3 Industry Leaders on the Future of Data Tooling

Specialized tooling has proliferated the data engineering community. This trend is growing, and the data infrastructures of modern organizations are becoming more modular. There’s a bright future ahead for data engineering, one in which the tools and technology we depend on are increasingly designed with depth and cohesion in mind.

We reached out to three leaders in the data engineering field who are among those leading the charge toward our modular future. We wanted to know:

“What technology or tools in the data science and/or data engineering space are you most excited about right now and why?”

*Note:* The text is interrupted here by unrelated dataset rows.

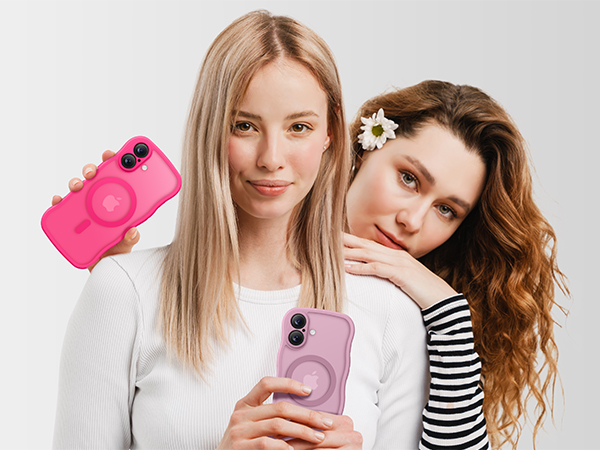 Translucent Matte Shockproof Case for iPhone 17 Case 6.3'', Pink Phone Case Cover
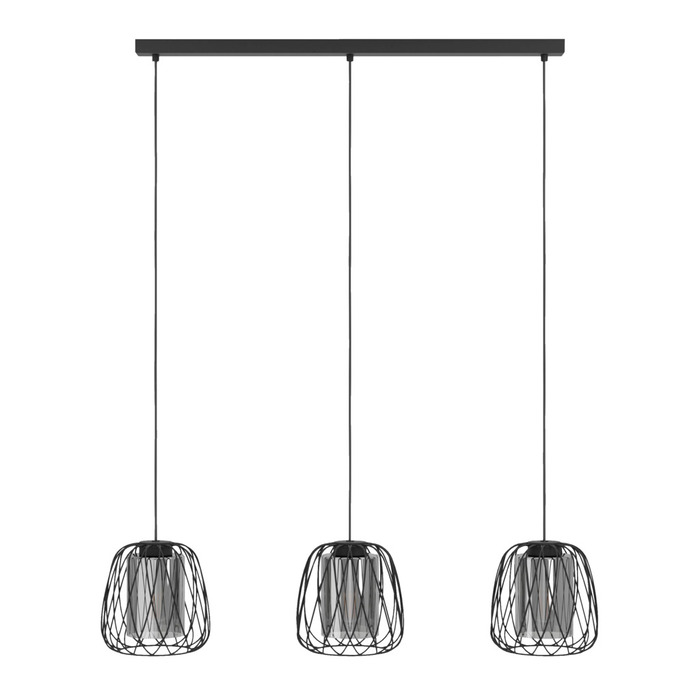 Eglo Floresta langbordspendel sort/glas L89 x H110 cm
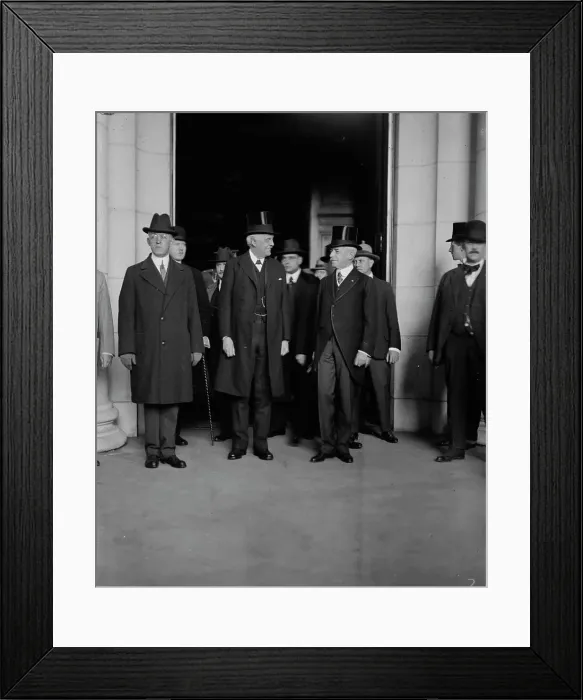 Framed Print : Balfour, Lansing, 1917. Creator: Bain News Service Framed Print : Balfour, Lansing, 1917. Creator: Bain News Service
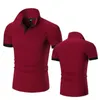 Polos pour hommes Polo Polo Business Casual Summer Summer à manches courtes Top Loose Fashion Q240509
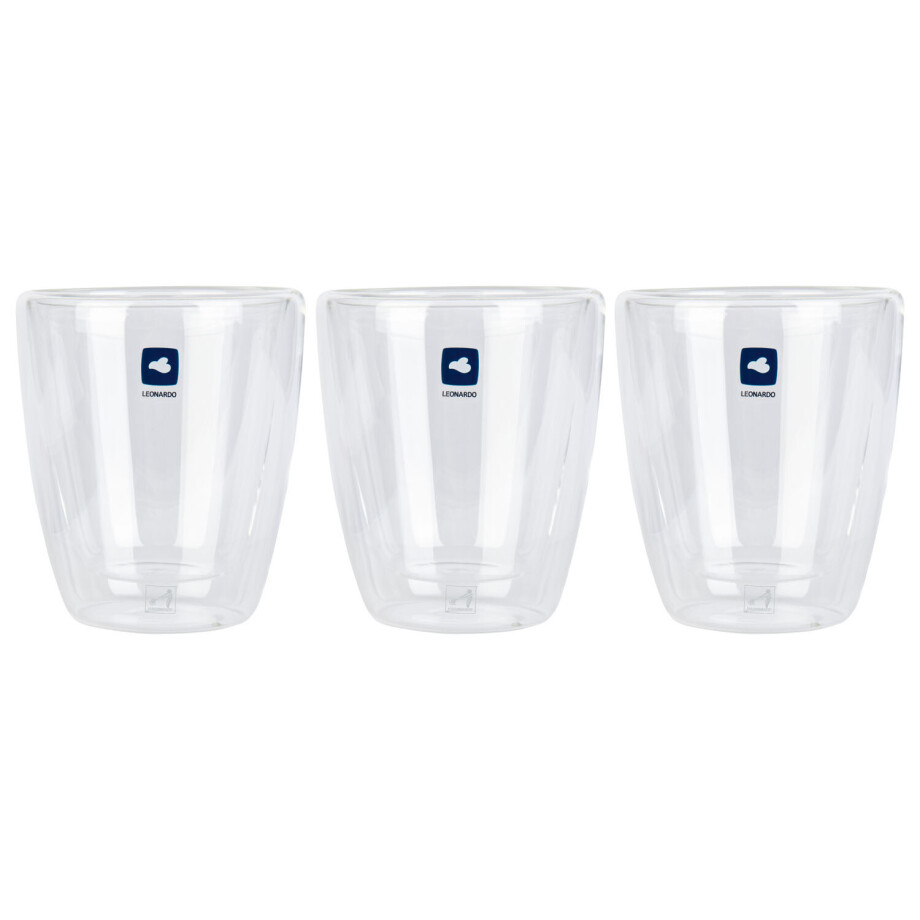 Leonardo Dubbelwandige glazen (Cappuccino) afbeelding 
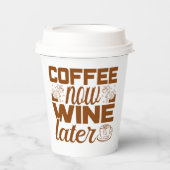 grappige koffiebar papieren bekers (Voorkant)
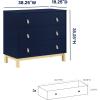 imageDelta Children babyGap Legacy 3 Drawer Dresser with Leather Pulls and Interlocking Drawers Bianca WhiteNaturalNavyNatural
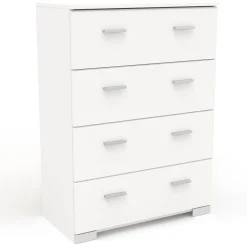 Kinderzimmer-Set Galaxy | Einzelbett, Kommode, Schreibtisch, Kleiderschrank, Nachttisch | Weiß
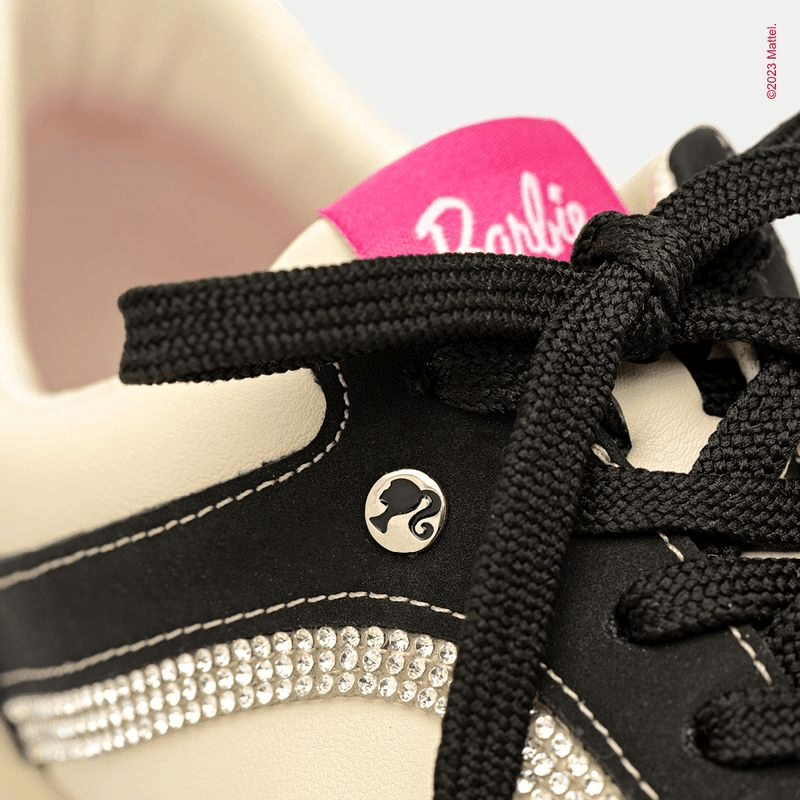 Zapatilla Mujer Negro/Beige Barbie Piccadilly-1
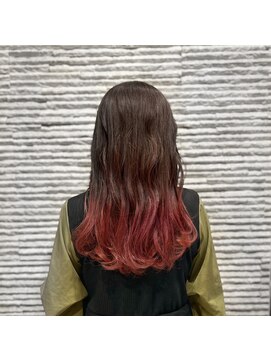 ビス ヘア アンド ビューティー 西新井店(Vis Hair&Beauty) 20代30代ダブルカラーブリーチ立体感グラデーション透明感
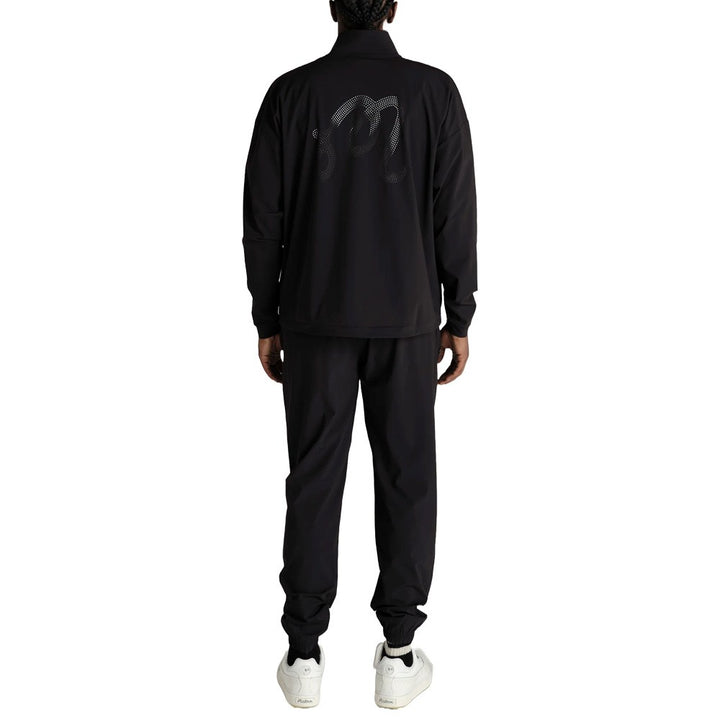 Malbon Performance Quarter Zip Shell Golf Pullover Black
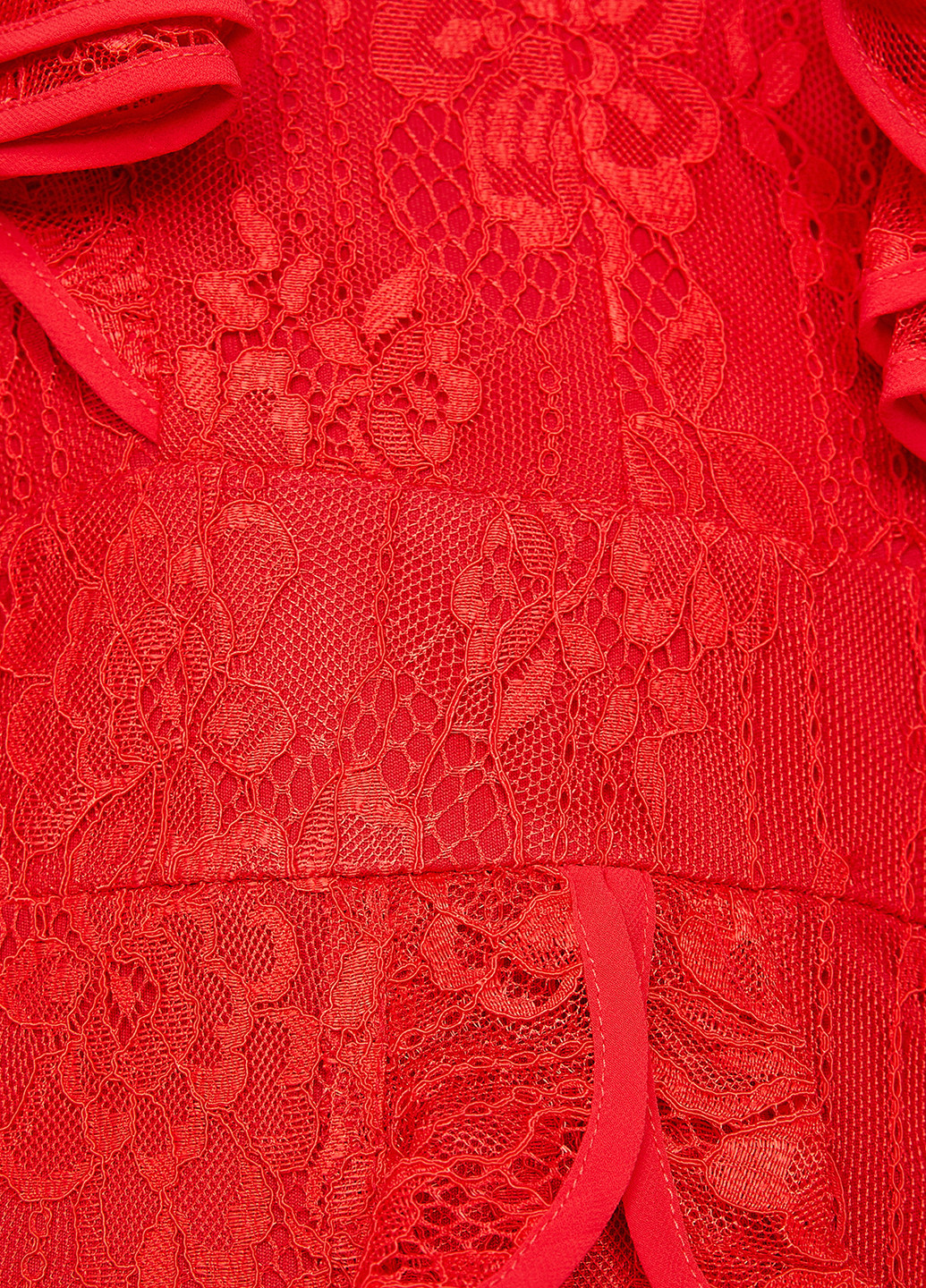 Красное коктейльное платье а-силуэт KOTON однотонное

Drew Banin, Co-founder Fishtown Analytics, core contributor to dbt

“The rise of the data warehouse is changing the landscape of the analytics world. At many organizations, the data warehouse unites all data practitioners: the scientists, the engineers, and all of the analysts in between. Whereas these folks historically worked with disparate datasets and used different tools, they now coalesce around the warehouse. As a result, these organizations are building analytical equity. The data cleansing and munging completed by an analyst for a specific BI report can be reused by a data scientist to, say, forecast revenue. This analytical equity means that modern organizations are doing more with their data, faster, and with fewer mistakes.

To this end, we’re building an open-source data modeling tool called dbt (data build tool). dbt harnesses the power of modern warehouses, and provides an engineering-inspired development workflow for analytics. With dbt, analysts can transform their raw data using SQL, then “materialize” these transformed datasets back into their warehouse. These transformations frequently depend on each other, making arbitrarily complex transformations straightforward to express in code. I’m tremendously excited about the growth, and potential of dbt. We’re seeing analysts solve their own problems where they previously needed to open tickets with an engineer. Moreover, these analysts are using git, opening pull requests, and using integration tests to verify the correctness of their logic. If you’re interested in checking out dbt, you can do so here.”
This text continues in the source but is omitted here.